* **WHAT THE TASK ASKS**:
Copy the entries that appear below in full, leaving out any picture among them.

* **EXERCISE DATA**:

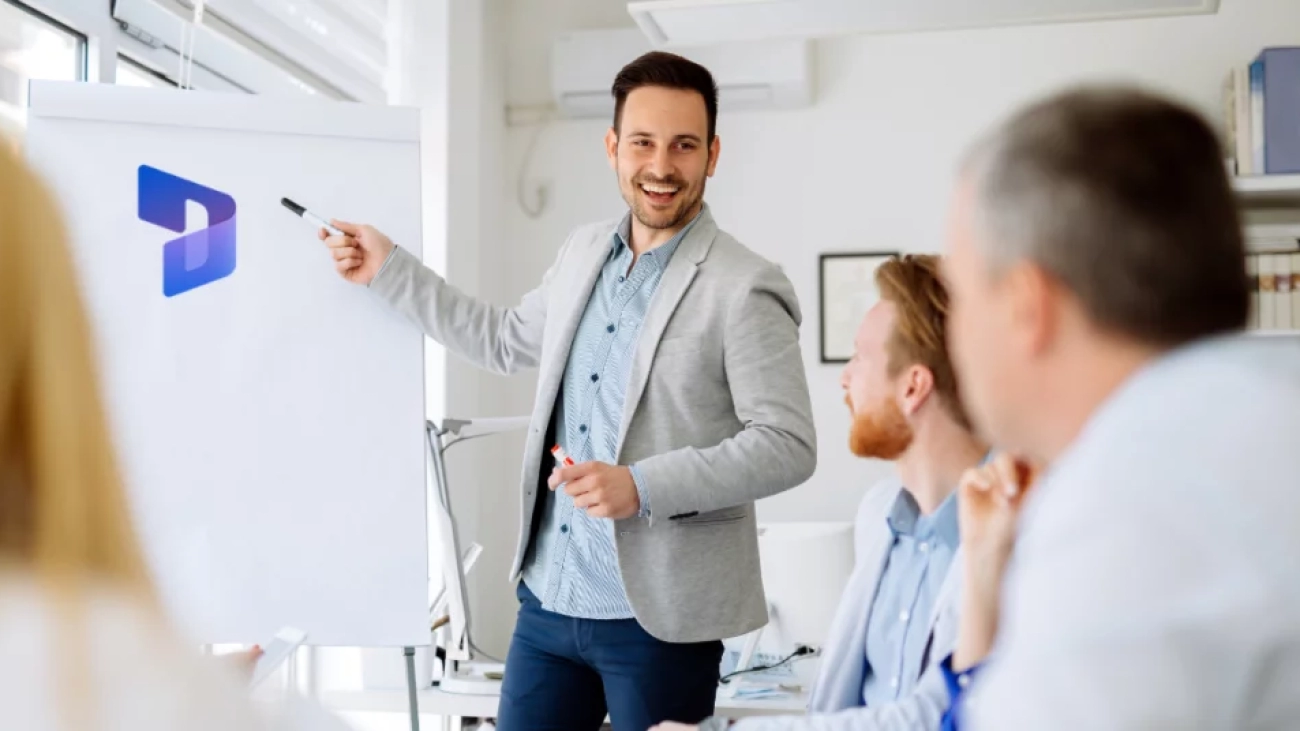Microsoft Dynamics 365 Business Central licensing
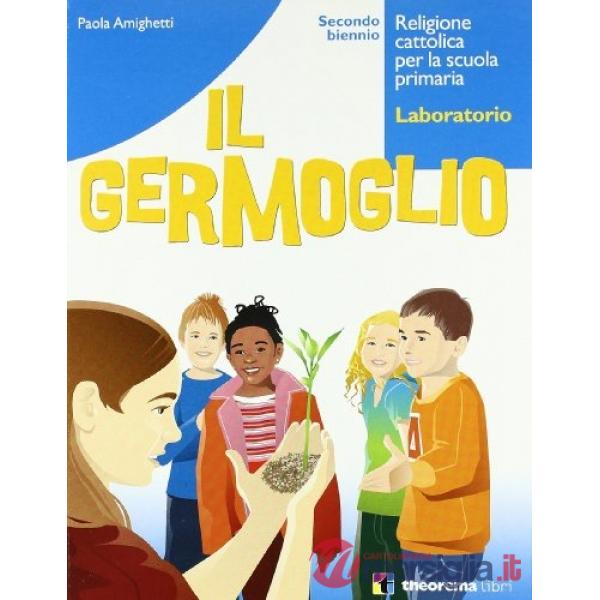GERMOGLIO 4/5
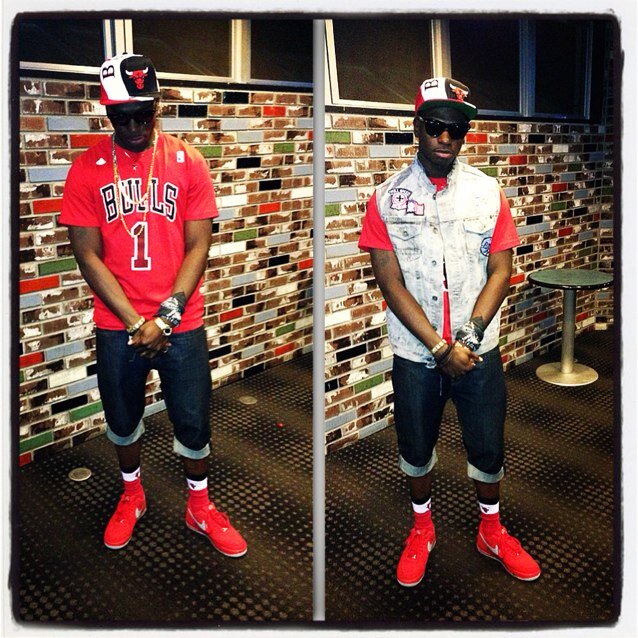 Im so LOUISIANA!  2 much for these niggas, 3 much for these hoes!!!!
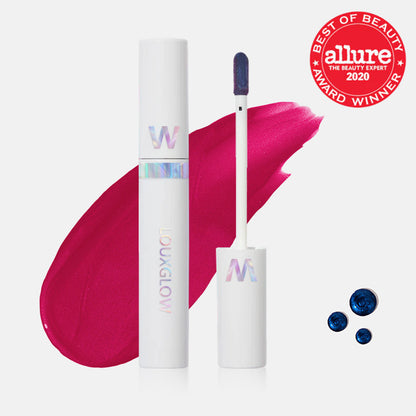 TAILLOD® All-Day Lip Stain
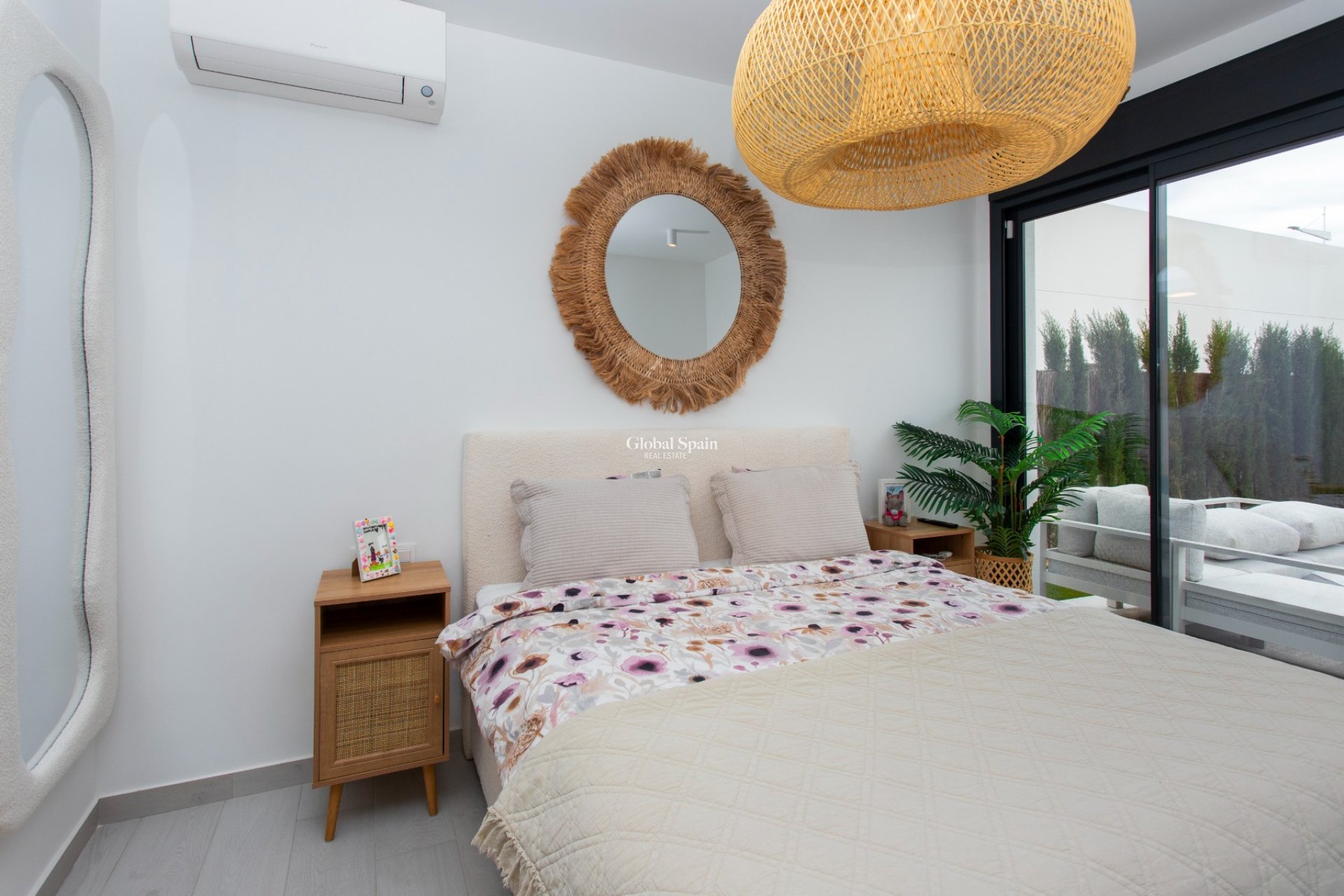 Wiederverkauf - VILLA -
ALGORFA - LA FINCA GOLF / ALGORFA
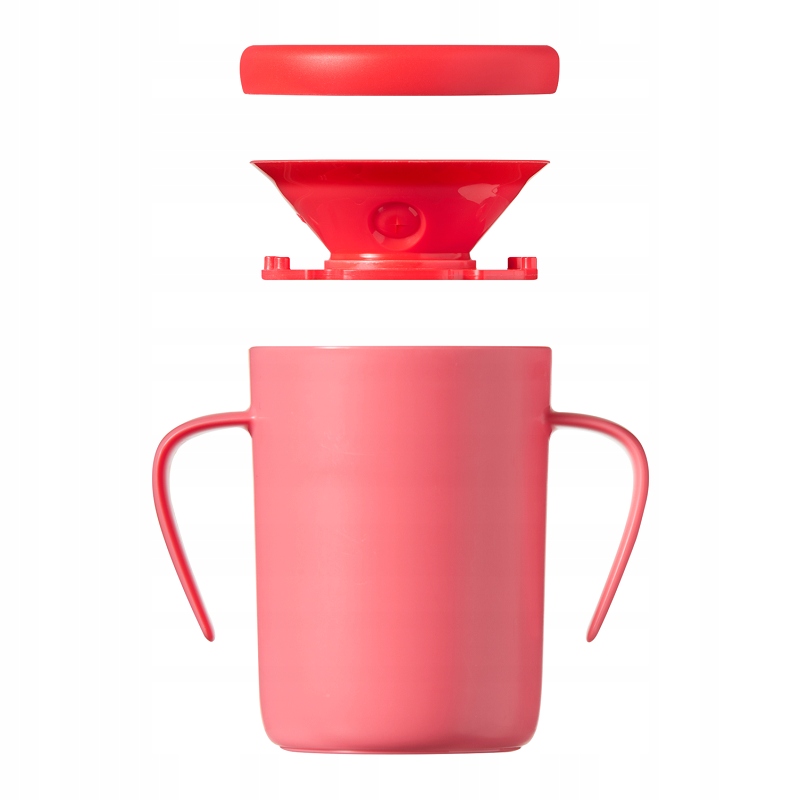 

Kubek 360 stopni z uchwytami Tommee Tippee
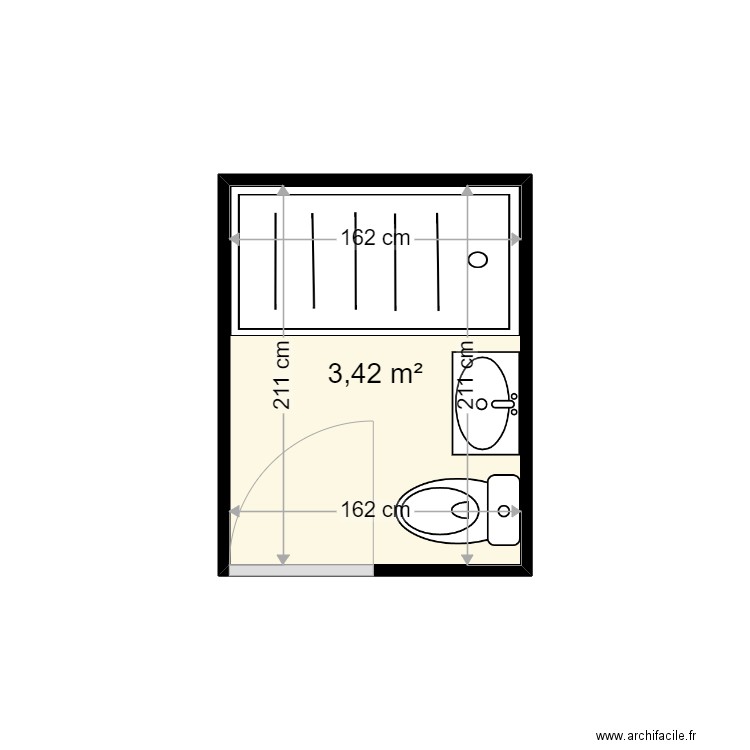 PAISIN JEAN MARC . Plan de 0 pièce et 0 m2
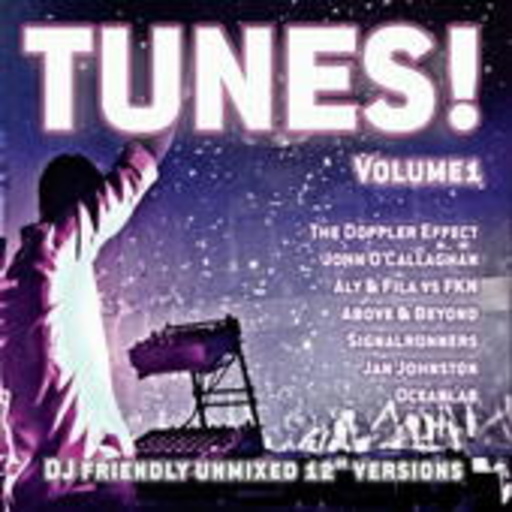 Diverse – Tunes Vol. 1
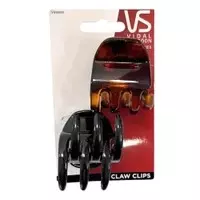 Wholesale Lot Of 7,000 Vidal Sassoon Hair Accessories – Suggested Retail Price $2.00 Each – Only .55 Each
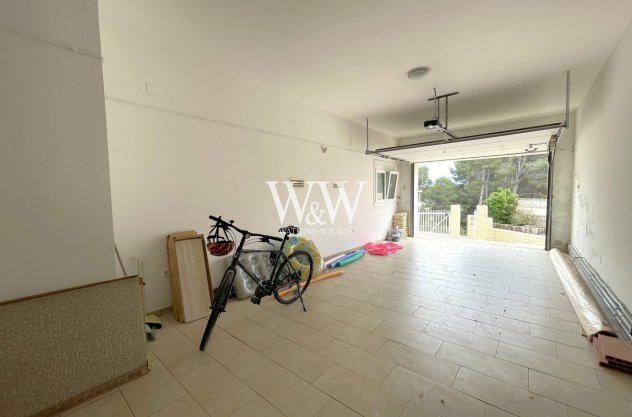 Verkoop - Villa -
Moraira - Pinar de Advocat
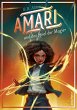 Amari und das Spiel der Magier / Amari... - Bild 1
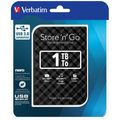 VERBATIM STORE ´N´ GO 2.5" 1TB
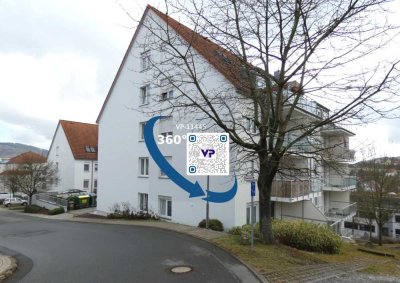 PROVISIONSFREI* - Solide, sicher, wertbeständig - weder heute noch morgen Vermietungssorgen!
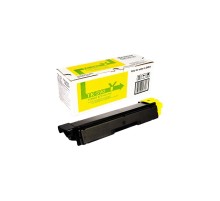 TK-590Y Тонер-картридж жёлтый M6026/6526cdn
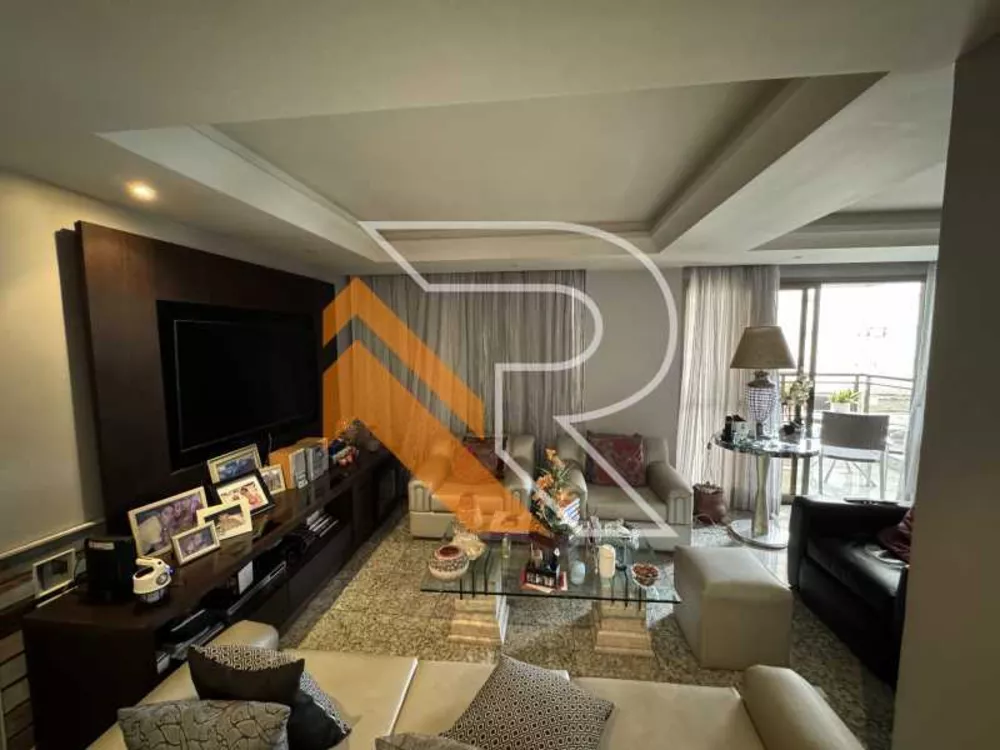 Apartamento, 3 quartos, 247 m² - Foto 22
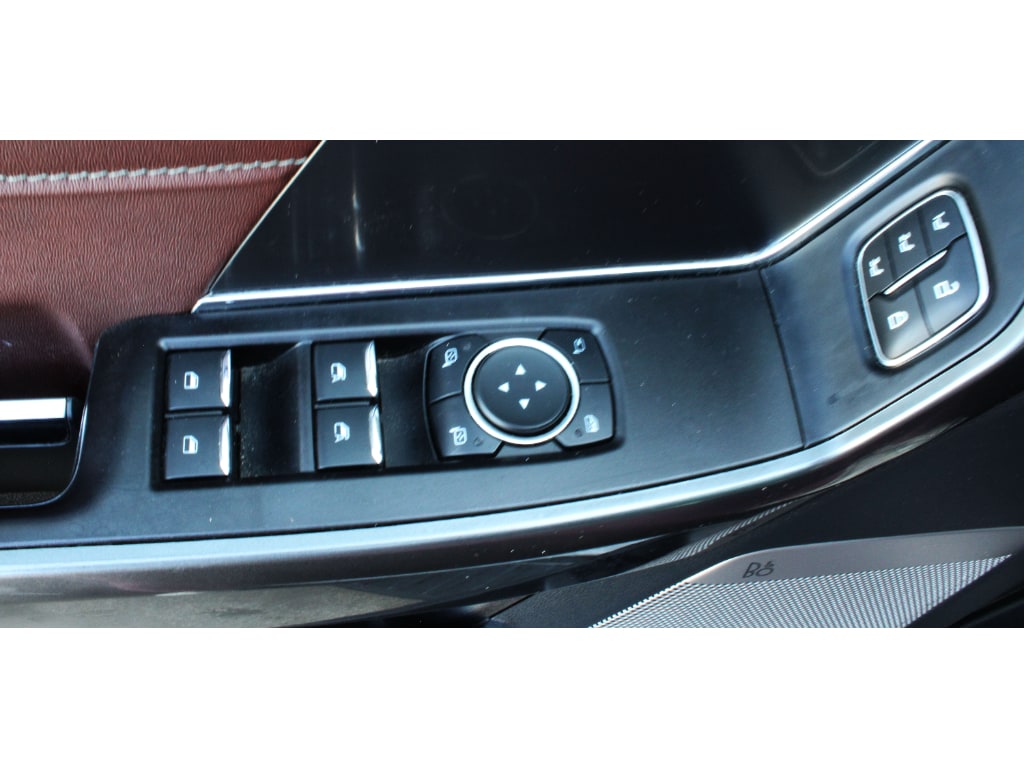 Used 2022 Ford F-150 Lariat Crew Cab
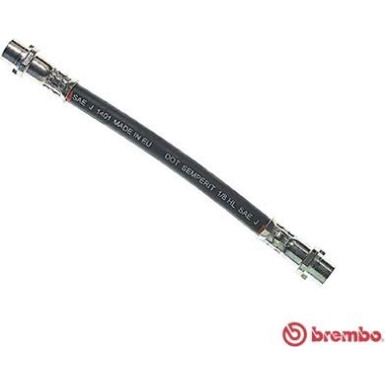T 85 050 Bremsschlauch ESSENTIAL LINE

* **OUTPUT BELOW**:
Microsoft Dynamics 365 Business Central licensing
GERMOGLIO 4/5
 Im so LOUISIANA!  2 much for these niggas, 3 much for these hoes!!!!
 TAILLOD® All-Day Lip Stain
 Wiederverkauf - VILLA -
ALGORFA - LA FINCA GOLF / ALGORFA

Kubek 360 stopni z uchwytami Tommee Tippee
 PAISIN JEAN MARC . Plan de 0 pièce et 0 m2
 Diverse – Tunes Vol. 1
 Wholesale Lot Of 7,000 Vidal Sassoon Hair Accessories – Suggested Retail Price $2.00 Each – Only .55 Each
 Verkoop - Villa -
Moraira - Pinar de Advocat
 Amari und das Spiel der Magier / Amari... - Bild 1
 VERBATIM STORE ´N´ GO 2.5" 1TB
 PROVISIONSFREI* - Solide, sicher, wertbeständig - weder heute noch morgen Vermietungssorgen!
 TK-590Y Тонер-картридж жёлтый M6026/6526cdn
 Apartamento, 3 quartos, 247 m² - Foto 22
 Used 2022 Ford F-150 Lariat Crew Cab
T 85 050 Bremsschlauch ESSENTIAL LINE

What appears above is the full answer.